Further there is no allegation of a defeasance or any agreement to reconvey the properties to the plaintiff. While any informal defeasance or agreement to reconvey may suffice, yet here there is no sufficient allegation of any such an agreement or understanding. Nor is there any allegation or alleged facts that the plaintiff was obligated to pay the alleged existing indebtedness. On the contrary, it is alleged that the stock was received and accepted by the defendant creditors in full payment of their claims and of the indebtedness. Nor by the terms of the option was the plaintiff under any obligation to purchase the stock or to pay any part of the alleged indebtedness. Under such circumstances the transaction was a conditional sale and not a mortgage. 1 Jones on Mortgages (8th Ed.) § 294, p. 345; Bell v. Shiver, 181 Ala. 303, 61 So. 881; Mittlesteadt v. Johnson, 75 Wash. 550, 135 P. 214.

It is not alleged what, if anything, the plaintiff did with respect to the option. By its terms he was to exercise whatever right he had therein within five years from the date of the option. That time expired April 24, 1929. It was nearly a year thereafter, March 20, 1930, when this action was commenced. It is alleged that when the properties in September, 1923, were conveyed to the livestock company they were not of sufficient value to pay the then existing indebtedness of the defendant creditors aggregating $134,-500. It is alleged such indebtedness was then due but that a sifficient amount could not be realized from a sale of the properties to pay the indebtedness either of principal or interest, which when judgment of dismissal was entered amounted to over $216,000, nor is it alleged that the properties since, or at the commencement of the action, had a value greater than in 1923 or what the present value was, or that more could now be realized on a sale of them than in 1923. What net or other profit, if any, the livestock' company realized from the properties since they were conveyed to it, or what dividends, if any, the defendant creditors received on the capital stock issued to them, is not alleged. It is alleged that the defendant creditors “were the owners” of 1,345 shares issued to them of the total 2,000 shares of the capital stock of the livestock company, but it is not alleged whether the remaining 655 shares were outstanding or not, or, if so, whether any part of them was issued to the plaintiff or to whom they were issued, nor is it alleged that the plaintiff and the defendant creditors are the only persons interested in the company or who managed or conducted its business or affairs.

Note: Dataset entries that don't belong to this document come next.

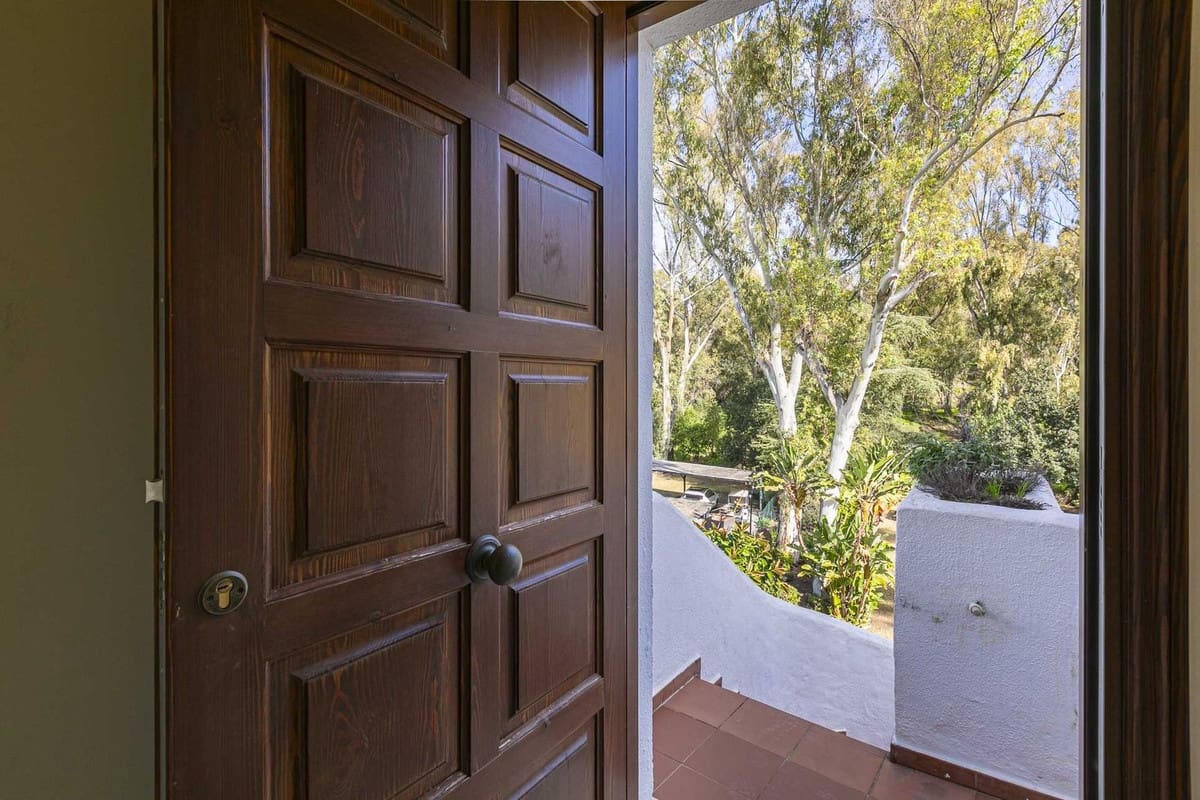 2 bedroom Penthouse for sale in Nueva Andalucia with pool garage - € 420,000 (Ref: 9403222)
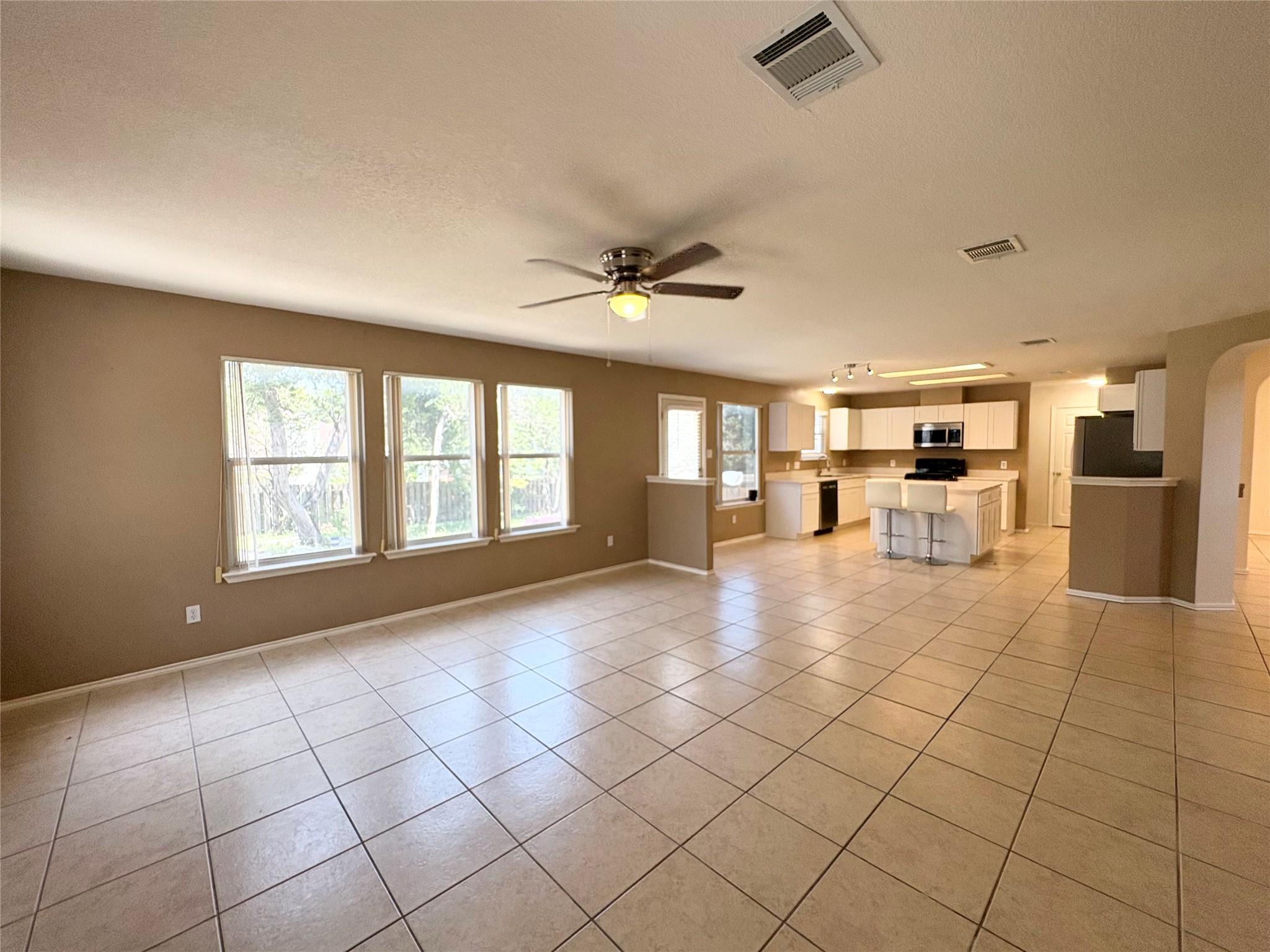 1101 Wood Creek Dr Property Photo 15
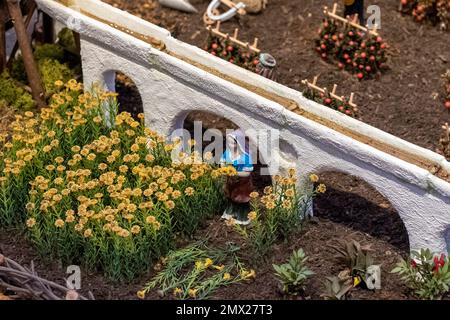 VILA REAL SANTO ANTONIO, PORTUGAL - 1. JANUAR 2023: Weihnachtskrippenschau mit vielen Figuren, die das tägliche Leben in verschiedenen Busi darstellen Stockfoto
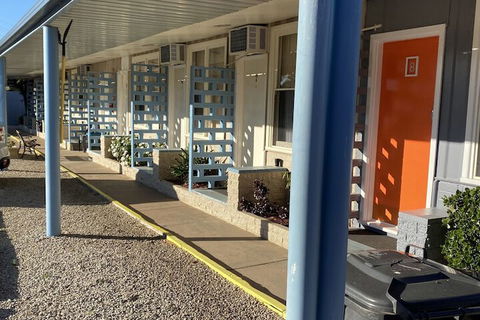 Paddle Steamer Motel - Accommodation Cairns 3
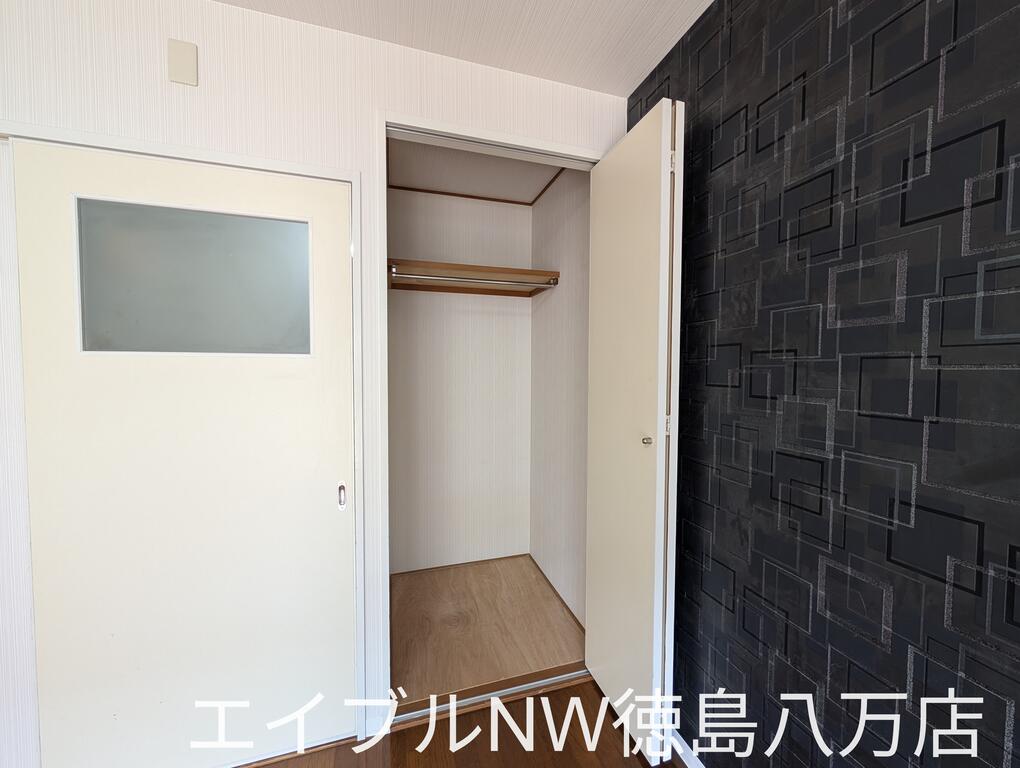 ＪＲ徳島線 蔵本駅 徒歩15分 3階建 築31年の内装写真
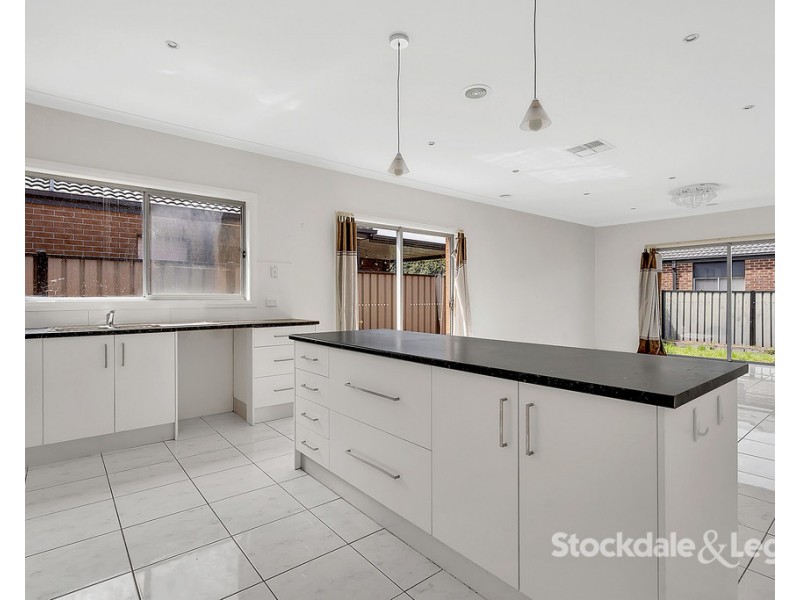 477 Grand Boulevard, Craigieburn VIC 3064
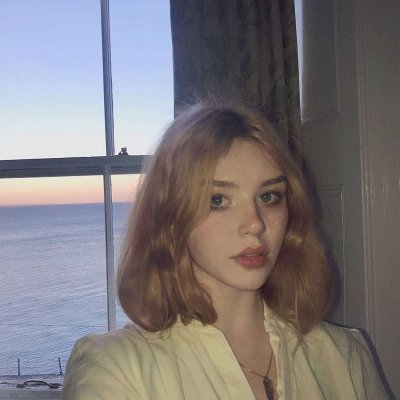 22张适配微博的欧美风女生头像合集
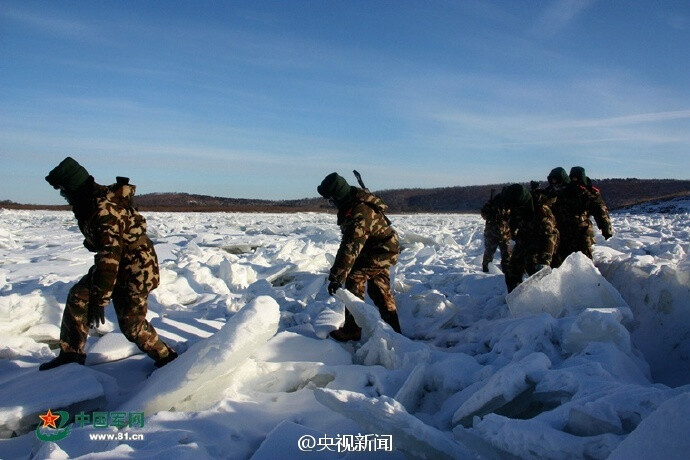 #最冷一周来了#【零下30℃的巡查 你愿为边防官兵点赞吗？】近日，驻守在黑龙江省大兴安岭地区呼玛县的武警边防官兵在零下30℃的极寒天气里，对中俄界江进行徒步巡查，确保边境一线安全稳定。巡查中，战士们的帽子和面罩上都布满了冰霜…网友:心疼！有你们保卫，才有美丽家园！O网页链接 ​​​​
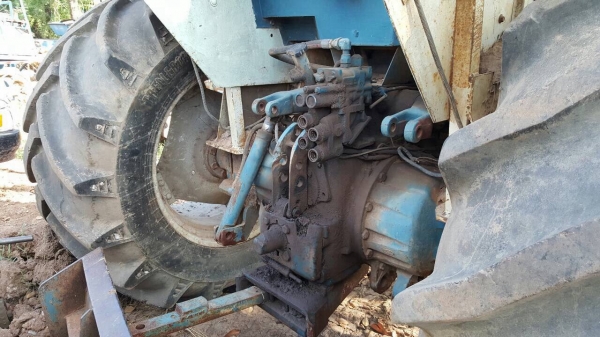 ขายตามสภาพ รถไถ 2 เพลา FORD 8340 คานหน้า CARRARO ไม่มีเพลากลาง ปั้มดีเซล และไดสตาร์ท เอกสารเล่มทะเบียนครบ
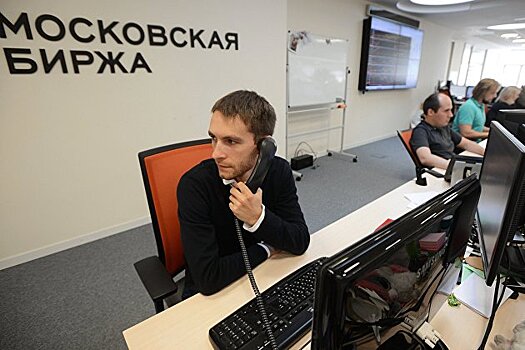 Российский рынок акций растет на корпоративных новостях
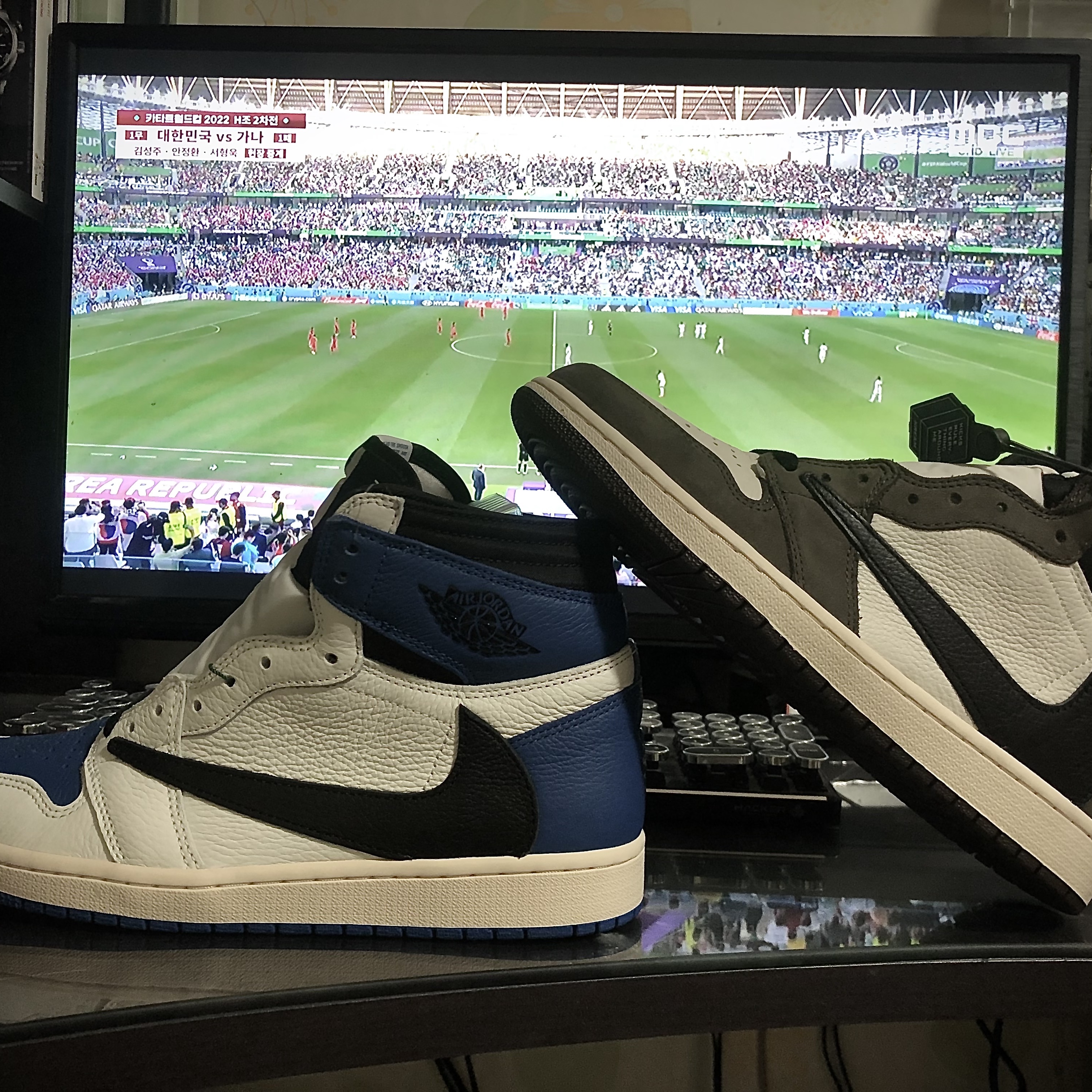 Jordan 1 x Travis Scott x Fragment Retro High OG SP Military Blue, Jordan 1 x Travis Scott Retro High OG SP Mocha 착용 스타일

In fact, not anything is alleged that on any theory the plaintiff had any interest, either legal or equitable, of any real or probable value in or to the properties or in what respect he would be benefitted by a foreclosure, or wherein his claimed equity of redemption had any value whatever.

And lastly the defendant creditors as alleged and shown by the contracts entered into by them with the plaintiff, releasing their liens and claims of record and receiving and accepting the capital stock in full payment of their claims and of the indebtedness, are precluded from enforcing such claims or the indebtedness against the plaintiff, if in such an action the defense of payment or accord and satisfaction be interposed. If in such case the defendant creditors must fail because the indebtedness was paid or extinguished, for the same reason must the plaintiff fail in his demand, for where there is no debt there can be no mortgage.

The judgment is thus affirmed, with costs to the respondents.

CHERRY, C. J., and ELIAS HANSEN, FOLLAND, and EPHRAIM HANSON, JJ., concur.